[ovs-dev,v2,1/8] netlink: provide network namespace id from a msg.

Message ID 20171109173107.26256-2-fbl@redhat.com
State Changes Requested
Headers show
Series
  • Add minimum network namespace support.
Related show

Commit Message

Flavio Leitner Nov. 9, 2017, 5:31 p.m.
The netlink notification's ancillary data contains the network
namespace id (netnsid) needed to identify the device correctly.
(ifindex and netnsid).

Signed-off-by: Flavio Leitner <fbl@redhat.com>
---

ChangeLog:
* V2
  - report and close unexpected file descriptors.


 configure.ac           |   3 +-
 lib/automake.mk        |   1 +
 lib/dpif-netlink.c     |   6 +--
 lib/netdev-linux.c     |   2 +-
 lib/netlink-notifier.c |   2 +-
 lib/netlink-socket.c   |  53 +++++++++++++++++++---
 lib/netlink-socket.h   |   4 +-
 lib/netns.h            | 119 +++++++++++++++++++++++++++++++++++++++++++++++++
 utilities/nlmon.c      |   2 +-
 9 files changed, 178 insertions(+), 14 deletions(-)
 create mode 100644 lib/netns.h

Comments

Ben Pfaff Dec. 1, 2017, 9:14 p.m. | #1
On Thu, Nov 09, 2017 at 03:31:00PM -0200, Flavio Leitner wrote:
> The netlink notification's ancillary data contains the network
> namespace id (netnsid) needed to identify the device correctly.
> (ifindex and netnsid).
> 
> Signed-off-by: Flavio Leitner <fbl@redhat.com>
> ---
> 
> ChangeLog:
> * V2
>   - report and close unexpected file descriptors.

Thanks for working on improving OVS support for network namespaces.
This work is long overdue (Jiri talked about it over two years ago at
ovscon) and I am happy to see progress.

netns.h uses a struct to represent a network namespace.  I am not sure
yet whether that is necessary.  It seems like a network namespace is a
lot like a process ID: I think that only 0...INT_MAX is actually used.
If so, then I believe that we could use just an "int", with -1 and -2 to
represent the "local" and "invalid" values.  Then, wouldn't many of the
operations be simply natural C operators?  I admit that I don't
understand the special cases for NETNS_INVALID; maybe the code should
document the intended semantics for NETNS_INVALID in the comments.

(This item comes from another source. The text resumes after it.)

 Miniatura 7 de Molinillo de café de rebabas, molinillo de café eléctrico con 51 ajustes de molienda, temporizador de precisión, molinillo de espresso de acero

I think that the 'ns' parameter to nl_sock_recv() receives the network
namespace from which the message was sent.  It might be worth saying
that in the function comment; just saying "the network namespace
information" leaves the reader to guess.

Thanks,

Ben.
Flavio Leitner Dec. 4, 2017, 1:44 p.m. | #2
On Fri, 1 Dec 2017 13:14:07 -0800
Ben Pfaff <blp@ovn.org> wrote:

> On Thu, Nov 09, 2017 at 03:31:00PM -0200, Flavio Leitner wrote:
> > The netlink notification's ancillary data contains the network
> > namespace id (netnsid) needed to identify the device correctly.
> > (ifindex and netnsid).
> > 
> > Signed-off-by: Flavio Leitner <fbl@redhat.com>
> > ---
> > 
> > ChangeLog:
> > * V2
> >   - report and close unexpected file descriptors.  
> 
> Thanks for working on improving OVS support for network namespaces.
> This work is long overdue (Jiri talked about it over two years ago at
> ovscon) and I am happy to see progress.
> 
> netns.h uses a struct to represent a network namespace.  I am not sure
> yet whether that is necessary.  It seems like a network namespace is a
> lot like a process ID: I think that only 0...INT_MAX is actually used.
> If so, then I believe that we could use just an "int", with -1 and -2 to

There was no consensus regarding to the network namespace ID range,
unfortunately.  The only thing we have is NETNSA_NSID_NOT_ASSIGNED.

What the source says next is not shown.